What you are asked to do — Because the lines must stay identical, write out the data without changing anything.

═══ Supplied material

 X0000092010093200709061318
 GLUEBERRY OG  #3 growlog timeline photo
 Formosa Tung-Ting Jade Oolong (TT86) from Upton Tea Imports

══════

Solved exercise —
 X0000092010093200709061318
 GLUEBERRY OG  #3 growlog timeline photo
 Formosa Tung-Ting Jade Oolong (TT86) from Upton Tea Imports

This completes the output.